Infelizmente, o resultado positivo não foi alcançado em toda a rede de ensino e muitas escolas permanecem em estado caótico.   As péssimas condições da UEB Antônio Vieira ainda são alarmantes. O Sindeducação juntamente com os professores, pais e alunos lutaram por melhorias no espaço escolar, que apresenta condições inviáveis de funcionamento e a falta de infraestrutura ocasionou um acidente dentro da escola, onde uma lâmpada caiu na cabeça da professora durante a aula. O Sindeducação apresentou denúncia ao Ministério Público e solicitou providências, uma vez que a vida dos docentes e discentes estavam vulneráveis. Os pais também procuraram o MP para pedir a intervenção do órgão. A Secretaria Municipal fez alguns paliativos, mas as problemáticas são graves e comprometem a segurança da comunidade escolar. A quadra do local é sucateada e as proteções laterais estão em ponto de desabar.

Nas escolas Anexo Nossa Senhora da Aparecida, Vila Brasil, e Luís Rego, Vila Itamar, o abandono é notório e vergonhoso para a Administração Pública, que utiliza do meio publicitário para expor inaugurações de um número ínfimo de escolas, como um trabalho de compromisso com a sociedade. Apesar do teor marqueteiro a realidade dos espaços escolares é de conhecimento da sociedade em geral. O clamor da população maranhense é de que o prefeito de São Luís, Edivaldo Holanda Júnior tenha vontade política para investir em políticas educacionais. “ Nós vivemos abandonados pelo governo, sem direitos e sem valor.

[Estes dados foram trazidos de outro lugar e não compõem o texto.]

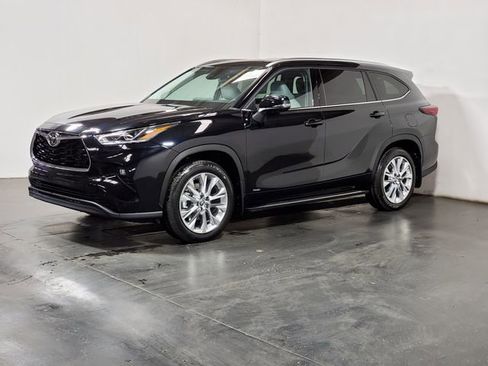 New 2026 Toyota Highlander Limited image 5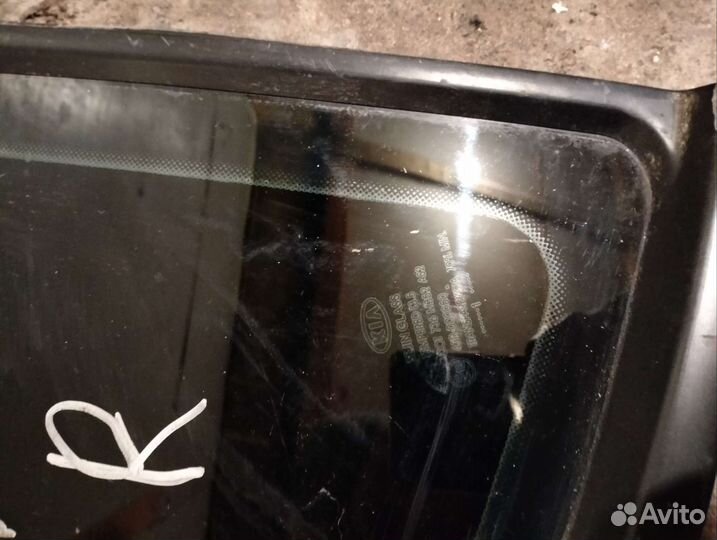 Форточка правая левая Kia Ceed 1 универсал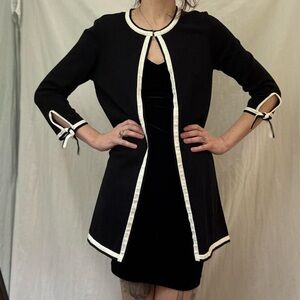 Black and White Trim Open Long Cardigan With Neck Closure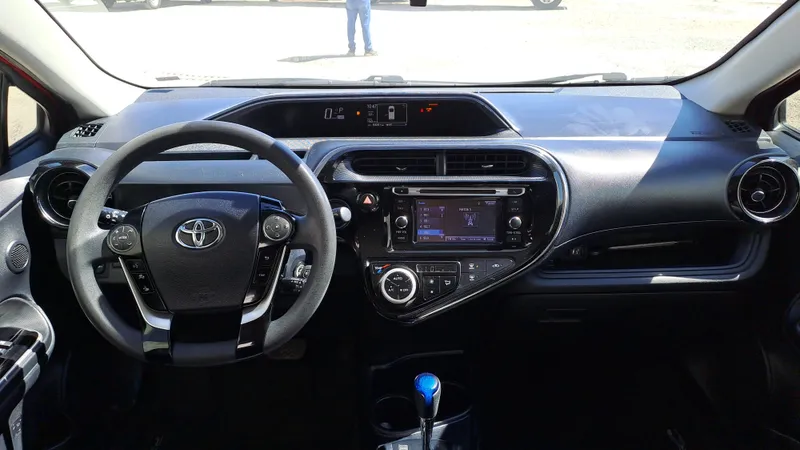 Toyota Prius C 2019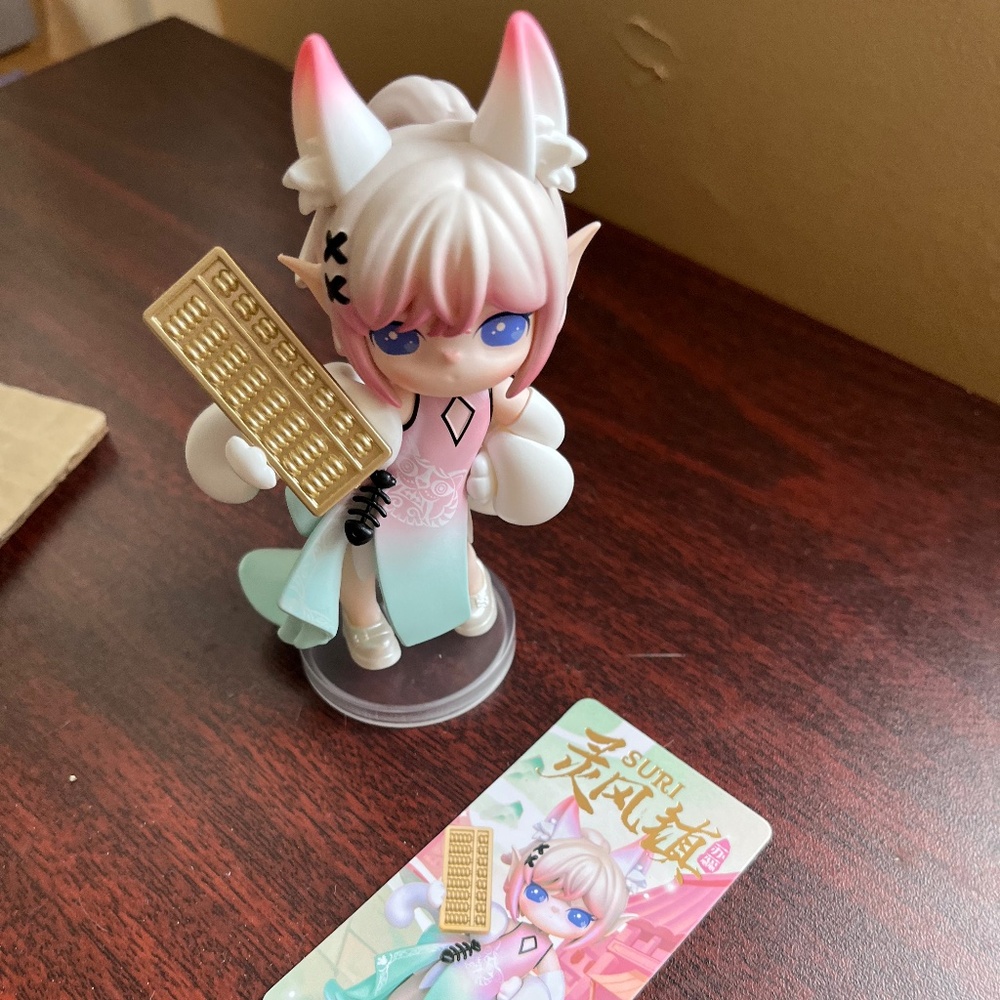 Rolife Suri Lingfeng Town - Tavern Boss (Opened Blind Box Figure)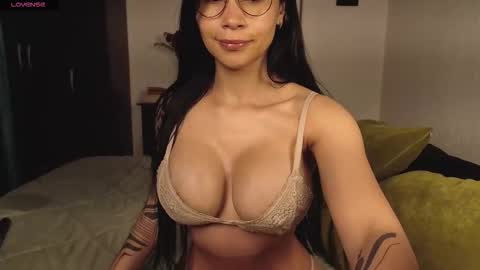  ANGELA ISABELLA  online show from 03/18/26, 09:29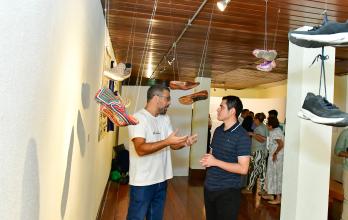 DEPORTADOS Y DESPLAZADOS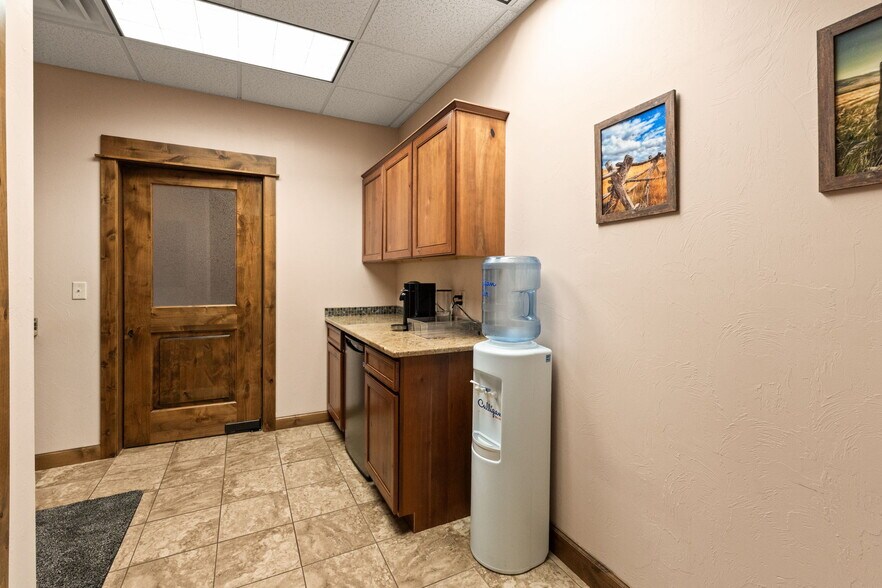 More Photos Of 1940 W Dickerson St, Bozeman Office For Sale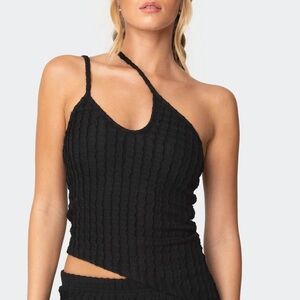 Edikted Phoebe Asymmetric Textured Knit Top – Black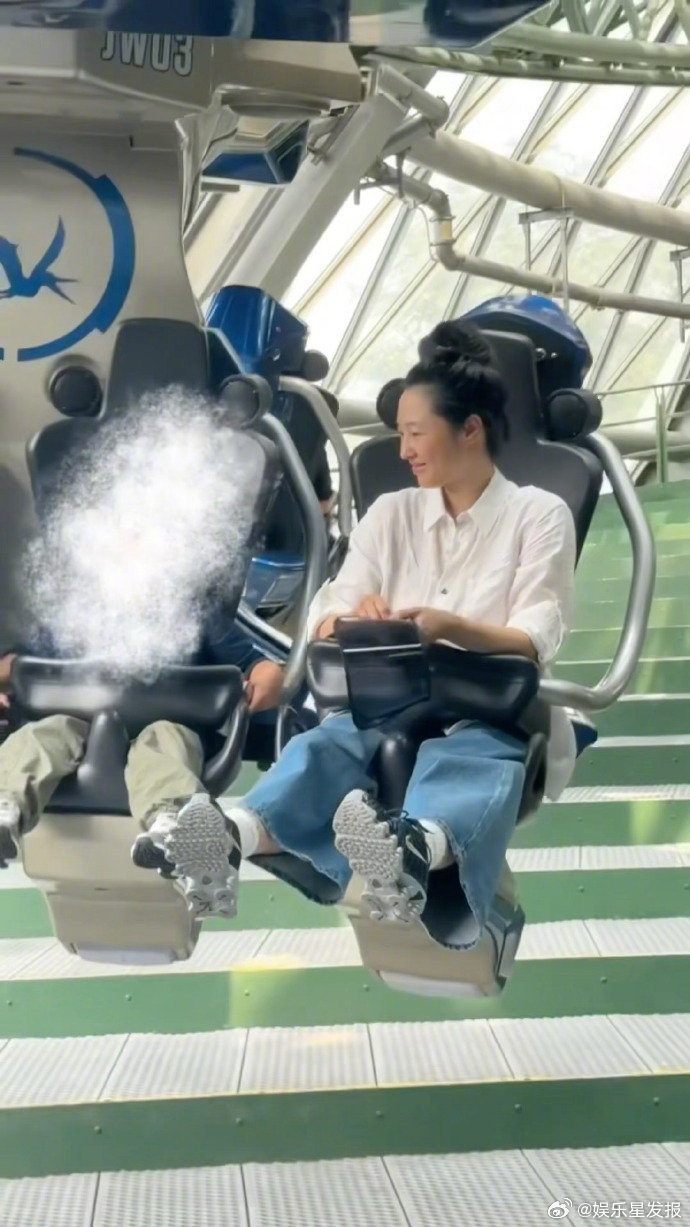 环球影城偶遇白百何一家 白百何玩飞跃侏罗纪 白百何带家人畅玩环球影城！被偶遇体验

Só valemos algo em período eleitoral, desabafou a senhora Maria das Graças Soares, moradora do bairro São Bernardo.

Com estrutura precária e sem as mínimas condições para o desenvolvimento do processo ensino e aprendizagem, a UEB Nossa Senhora Aparecida funciona em prédio alugado. As salas de aulas não têm ventiladores e os ambientes deteriorados não despertam o interesse do aluno; os esgotos dos banheiros são expostos e toda sujeira acumulada fica em contato com as crianças e professores. A biblioteca, que é cedida pela Igreja Católica, não pode ser utilizada, pois o forro está cedendo e pode desabar, porém não é de interesse da Semed reparar o local para que os alunos tenham essa aproximação com a leitura.

A UEB Luís Rego também sofre com a omissão da Administração Pública. Salas sem ventiladores e iluminação adequada, banheiros em situação degradante, além da estrutura deteriorada. Vale ressaltar que o Sindicato denunciou ao poder público a situação da mesma em 2013, quando foi fechada para reforma e entregue após um ano.

O Sindeducação continuará vigilante a situação das escolas da rede municipal de São Luís, bem como atuará de forma incisiva na cobrança de responsabilidade do poder público. “ A voz da nossa luta não cessará; continuaremos fiscalizando, denunciando e cobrando a garantia dos direitos dos professores e dos alunos, que são os protagonistas no processo de construção da Educação”, salientou a secretária de Assuntos Jurídicos, professora Raimunda Rodrigues.